The further fortunes of Monophysitism are connected with the emperor Justinian I. (527–565). This learned and unweariedly active ruler, ecclesiastically devout, but vain and ostentatious, aspired, during his long and in some respects brilliant reign of nearly thirty years, to the united renown of a lawgiver and theologian, a conqueror and a champion of the true faith. He used to spend whole nights in prayer and fasting, and in theological studies and discussions; he placed his throne under the special protection of the Blessed Virgin and the archangel Michael; in his famous Code, and especially in the Novelles, he confirmed and enlarged the privileges of the clergy; he adorned the capital and the provinces with costly temples and institutions of charity; and he regarded it as his especial mission to reconcile heretics, to unite all parties of the church, and to establish the genuine orthodoxy for all time to come. In all these undertakings he fancied himself the chief actor, though very commonly he was but the instrument of the empress, or of the court theologians and eunuchs; and his efforts to compel a general uniformity only increased the divisions in church and state.

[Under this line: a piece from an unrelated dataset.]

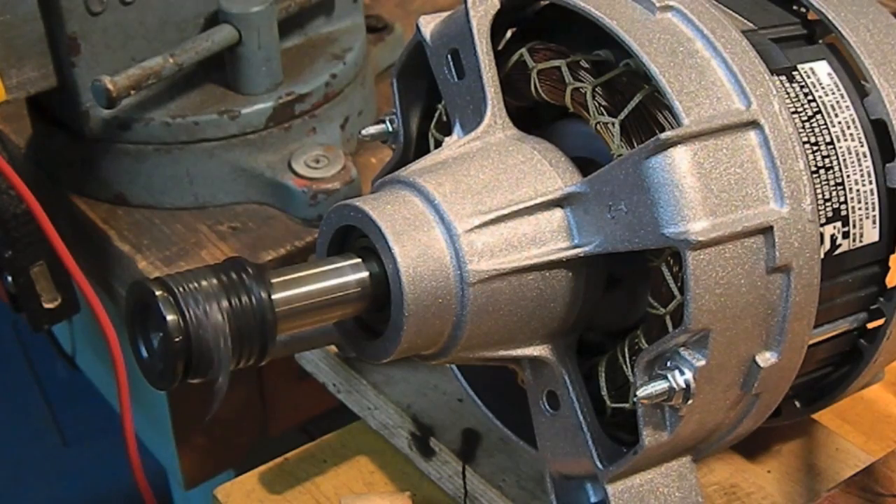There's 10 hertz, 20, 30, 40, 50, 60, 100.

Justinian was a great admirer of the decrees of Chalcedon, and ratified the four ecumenical councils in his Code of Roman law. But his famous wife Theodora, a beautiful, crafty, and unscrupulous woman, whom he—if we are to believe the report of Procopius1683—raised from low rank, and even from a dissolute life, to the partnership of his throne, and who, as empress, displayed the greatest zeal for the church and for ascetic piety, was secretly devoted to the Monophysite view, and frustrated all his plans. She brought him to favor the liturgical formula of the Monophysites: "God was crucified for us, so that he sanctioned it in an ecclesiastical decree (533).1684

Through her influence the Monophysite Anthimus was made patriarch of Constantinople (535), and the characterless Vigilius bishop of Rome (538), under the secret stipulation that he should favor the Monophysite doctrine. The former, however, was soon deposed as a Monophysite (536), and the latter did not keep his promise.1685  Meanwhile the Origenistic controversies were renewed. The emperor was persuaded, on the one hand, to condemn the Origenistic errors in a letter to Mennas of Constantinople; on the other hand, to condemn by an edict the Antiochian teachers most odious to the Monophysites: Theodore of Mopsuestia (the teacher of Nestorius), Theodoret of Cyros, and Ibas of Edessa (friends of Nestorius); though the last two had been expressly declared orthodox by the council of Chalcedon. Theodore he condemned absolutely, but Theodoret only as respected his writings against Cyril and the third ecumenical council at Ephesus, and Ibas as respected his letter to the Persian bishop Maris, in which he complains of the outrages of Cyril’s party in Edessa, and denies the communicatio idiomatum. These are the so-called Three Chapters, or formulas of condemnation, or rather the persons and writings designated and condemned therein.1686

Thus was kindled the violent controversy of the Three Chapters, of which it has been said that it has filled more volumes than it was worth lines. The East yielded easily to craft and force; the West resisted.1687  Pontianus of Carthage declared that neither the emperor nor any other man had a right to sit in judgment upon the dead. Vigilius of Rome, however, favored either party according to circumstances, and was excommunicated for awhile by the dyophysite Africans, under the lead of Facundus of Hermiane. He subscribed the condemnation of the Three Chapters in Constantinople, A.D. 548, but refused to subscribe the second edict of the, emperor against the Three Chapters (551), and afterwards defended them.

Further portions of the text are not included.